-- WHAT YOU SHOULD DO --
Copy exactly the last part of the entries, starting from the line with "photo 8 BMW" and including the final line.
*** RECORDS SUPPLIED ***
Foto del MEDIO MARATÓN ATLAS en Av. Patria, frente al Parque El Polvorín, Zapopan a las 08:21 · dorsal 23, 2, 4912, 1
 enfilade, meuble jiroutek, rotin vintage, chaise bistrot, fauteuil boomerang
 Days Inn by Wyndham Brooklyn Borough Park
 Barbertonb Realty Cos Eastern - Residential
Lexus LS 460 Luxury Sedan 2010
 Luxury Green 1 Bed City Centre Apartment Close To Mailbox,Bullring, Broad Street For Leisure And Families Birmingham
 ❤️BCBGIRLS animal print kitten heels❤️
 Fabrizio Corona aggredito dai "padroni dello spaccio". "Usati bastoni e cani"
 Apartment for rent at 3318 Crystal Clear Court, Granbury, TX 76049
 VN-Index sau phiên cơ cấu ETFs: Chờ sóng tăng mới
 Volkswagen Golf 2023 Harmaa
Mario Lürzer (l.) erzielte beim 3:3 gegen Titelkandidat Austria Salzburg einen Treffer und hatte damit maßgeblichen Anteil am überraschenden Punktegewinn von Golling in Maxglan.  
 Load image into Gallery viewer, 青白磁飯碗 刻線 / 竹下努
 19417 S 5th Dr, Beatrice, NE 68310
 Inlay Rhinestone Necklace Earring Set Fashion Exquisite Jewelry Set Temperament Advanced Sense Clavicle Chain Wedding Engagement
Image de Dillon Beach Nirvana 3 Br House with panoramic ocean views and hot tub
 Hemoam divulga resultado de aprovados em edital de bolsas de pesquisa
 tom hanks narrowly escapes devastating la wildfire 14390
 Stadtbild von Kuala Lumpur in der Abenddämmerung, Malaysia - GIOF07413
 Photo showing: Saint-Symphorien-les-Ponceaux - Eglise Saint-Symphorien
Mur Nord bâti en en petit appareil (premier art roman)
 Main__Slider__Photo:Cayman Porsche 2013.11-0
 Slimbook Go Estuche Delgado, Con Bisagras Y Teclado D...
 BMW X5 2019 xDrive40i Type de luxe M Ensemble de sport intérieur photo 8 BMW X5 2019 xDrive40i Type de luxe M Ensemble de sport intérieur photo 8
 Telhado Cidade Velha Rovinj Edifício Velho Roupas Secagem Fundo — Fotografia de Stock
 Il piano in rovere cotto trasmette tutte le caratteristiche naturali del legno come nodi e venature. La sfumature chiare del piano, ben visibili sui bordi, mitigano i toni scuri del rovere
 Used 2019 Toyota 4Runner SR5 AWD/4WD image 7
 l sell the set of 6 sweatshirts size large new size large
*** End of RECORDS SUPPLIED ***
-- SOLUTION TO THIS EXERCISE --
 BMW X5 2019 xDrive40i Type de luxe M Ensemble de sport intérieur photo 8 BMW X5 2019 xDrive40i Type de luxe M Ensemble de sport intérieur photo 8
 Telhado Cidade Velha Rovinj Edifício Velho Roupas Secagem Fundo — Fotografia de Stock
 Il piano in rovere cotto trasmette tutte le caratteristiche naturali del legno come nodi e venature. La sfumature chiare del piano, ben visibili sui bordi, mitigano i toni scuri del rovere
 Used 2019 Toyota 4Runner SR5 AWD/4WD image 7
 l sell the set of 6 sweatshirts size large new size large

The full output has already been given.